Write out, word for word, every line from the one where "Laurent Grey Decor" occurs to the final line of the entries, and nothing beyond them.

++++++++++++++++++++

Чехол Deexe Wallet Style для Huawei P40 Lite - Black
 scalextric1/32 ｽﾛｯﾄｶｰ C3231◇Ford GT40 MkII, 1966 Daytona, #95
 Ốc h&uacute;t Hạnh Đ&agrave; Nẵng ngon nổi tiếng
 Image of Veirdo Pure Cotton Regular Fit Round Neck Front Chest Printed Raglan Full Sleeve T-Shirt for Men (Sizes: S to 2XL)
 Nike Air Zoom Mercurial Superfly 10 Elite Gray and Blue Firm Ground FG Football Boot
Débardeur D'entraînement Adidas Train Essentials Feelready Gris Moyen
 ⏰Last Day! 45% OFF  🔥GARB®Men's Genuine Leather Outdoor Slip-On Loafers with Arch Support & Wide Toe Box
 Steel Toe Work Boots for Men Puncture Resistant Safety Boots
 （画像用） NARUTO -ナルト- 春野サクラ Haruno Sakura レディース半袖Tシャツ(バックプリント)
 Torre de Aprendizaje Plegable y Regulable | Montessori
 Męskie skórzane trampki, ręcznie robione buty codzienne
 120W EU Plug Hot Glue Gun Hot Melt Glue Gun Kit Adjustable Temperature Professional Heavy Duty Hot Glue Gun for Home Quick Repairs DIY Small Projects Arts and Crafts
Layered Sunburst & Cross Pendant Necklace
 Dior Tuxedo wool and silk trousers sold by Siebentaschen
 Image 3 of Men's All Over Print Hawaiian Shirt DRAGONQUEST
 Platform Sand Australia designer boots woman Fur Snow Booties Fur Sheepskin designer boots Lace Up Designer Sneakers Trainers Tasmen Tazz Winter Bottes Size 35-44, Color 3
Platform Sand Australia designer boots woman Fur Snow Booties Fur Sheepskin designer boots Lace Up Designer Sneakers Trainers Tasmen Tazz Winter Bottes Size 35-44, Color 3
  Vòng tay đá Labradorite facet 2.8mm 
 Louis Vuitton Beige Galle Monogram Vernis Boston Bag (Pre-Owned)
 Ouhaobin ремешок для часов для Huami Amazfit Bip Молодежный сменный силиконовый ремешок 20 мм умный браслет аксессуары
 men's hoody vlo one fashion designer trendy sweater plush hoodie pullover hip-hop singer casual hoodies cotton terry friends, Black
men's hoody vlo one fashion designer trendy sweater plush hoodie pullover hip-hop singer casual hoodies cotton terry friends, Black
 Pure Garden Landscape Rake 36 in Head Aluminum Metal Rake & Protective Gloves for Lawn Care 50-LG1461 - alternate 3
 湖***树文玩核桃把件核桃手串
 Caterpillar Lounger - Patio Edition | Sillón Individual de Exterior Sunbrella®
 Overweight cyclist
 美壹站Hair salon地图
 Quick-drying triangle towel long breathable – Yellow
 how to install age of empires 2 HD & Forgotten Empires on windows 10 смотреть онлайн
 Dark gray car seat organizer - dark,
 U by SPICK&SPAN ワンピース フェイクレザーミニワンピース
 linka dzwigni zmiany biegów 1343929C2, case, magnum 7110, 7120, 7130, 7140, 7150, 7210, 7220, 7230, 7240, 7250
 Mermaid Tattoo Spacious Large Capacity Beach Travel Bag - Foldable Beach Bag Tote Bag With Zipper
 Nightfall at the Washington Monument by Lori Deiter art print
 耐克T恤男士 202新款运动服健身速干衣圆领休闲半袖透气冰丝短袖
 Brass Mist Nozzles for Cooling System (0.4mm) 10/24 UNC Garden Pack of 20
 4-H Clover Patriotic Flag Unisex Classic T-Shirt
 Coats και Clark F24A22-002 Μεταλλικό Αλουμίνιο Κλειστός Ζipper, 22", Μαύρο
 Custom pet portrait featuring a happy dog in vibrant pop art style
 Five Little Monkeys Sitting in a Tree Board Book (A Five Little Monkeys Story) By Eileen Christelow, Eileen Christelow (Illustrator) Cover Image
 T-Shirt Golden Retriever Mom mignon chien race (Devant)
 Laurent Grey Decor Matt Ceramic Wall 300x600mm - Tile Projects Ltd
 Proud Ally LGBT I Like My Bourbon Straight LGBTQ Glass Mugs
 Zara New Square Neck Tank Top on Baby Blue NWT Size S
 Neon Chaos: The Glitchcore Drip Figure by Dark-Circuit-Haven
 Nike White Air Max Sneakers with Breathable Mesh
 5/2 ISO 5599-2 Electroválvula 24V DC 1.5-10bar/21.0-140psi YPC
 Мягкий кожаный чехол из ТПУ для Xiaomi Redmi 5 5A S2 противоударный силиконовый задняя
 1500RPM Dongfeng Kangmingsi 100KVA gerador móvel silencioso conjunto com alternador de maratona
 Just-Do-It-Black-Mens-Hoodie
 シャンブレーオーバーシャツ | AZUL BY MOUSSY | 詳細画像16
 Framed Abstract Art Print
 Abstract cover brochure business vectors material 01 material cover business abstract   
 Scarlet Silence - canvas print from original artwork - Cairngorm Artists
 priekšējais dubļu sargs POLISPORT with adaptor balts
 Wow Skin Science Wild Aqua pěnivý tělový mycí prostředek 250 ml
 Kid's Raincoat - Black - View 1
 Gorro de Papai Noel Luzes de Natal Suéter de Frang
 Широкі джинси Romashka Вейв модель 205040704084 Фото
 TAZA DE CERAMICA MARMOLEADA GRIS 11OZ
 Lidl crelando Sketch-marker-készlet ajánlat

++++++++++++++++++++

Response box:
 Laurent Grey Decor Matt Ceramic Wall 300x600mm - Tile Projects Ltd
 Proud Ally LGBT I Like My Bourbon Straight LGBTQ Glass Mugs
 Zara New Square Neck Tank Top on Baby Blue NWT Size S
 Neon Chaos: The Glitchcore Drip Figure by Dark-Circuit-Haven
 Nike White Air Max Sneakers with Breathable Mesh
 5/2 ISO 5599-2 Electroválvula 24V DC 1.5-10bar/21.0-140psi YPC
 Мягкий кожаный чехол из ТПУ для Xiaomi Redmi 5 5A S2 противоударный силиконовый задняя
 1500RPM Dongfeng Kangmingsi 100KVA gerador móvel silencioso conjunto com alternador de maratona
 Just-Do-It-Black-Mens-Hoodie
 シャンブレーオーバーシャツ | AZUL BY MOUSSY | 詳細画像16
 Framed Abstract Art Print
 Abstract cover brochure business vectors material 01 material cover business abstract   
 Scarlet Silence - canvas print from original artwork - Cairngorm Artists
 priekšējais dubļu sargs POLISPORT with adaptor balts
 Wow Skin Science Wild Aqua pěnivý tělový mycí prostředek 250 ml
 Kid's Raincoat - Black - View 1
 Gorro de Papai Noel Luzes de Natal Suéter de Frang
 Широкі джинси Romashka Вейв модель 205040704084 Фото
 TAZA DE CERAMICA MARMOLEADA GRIS 11OZ
 Lidl crelando Sketch-marker-készlet ajánlat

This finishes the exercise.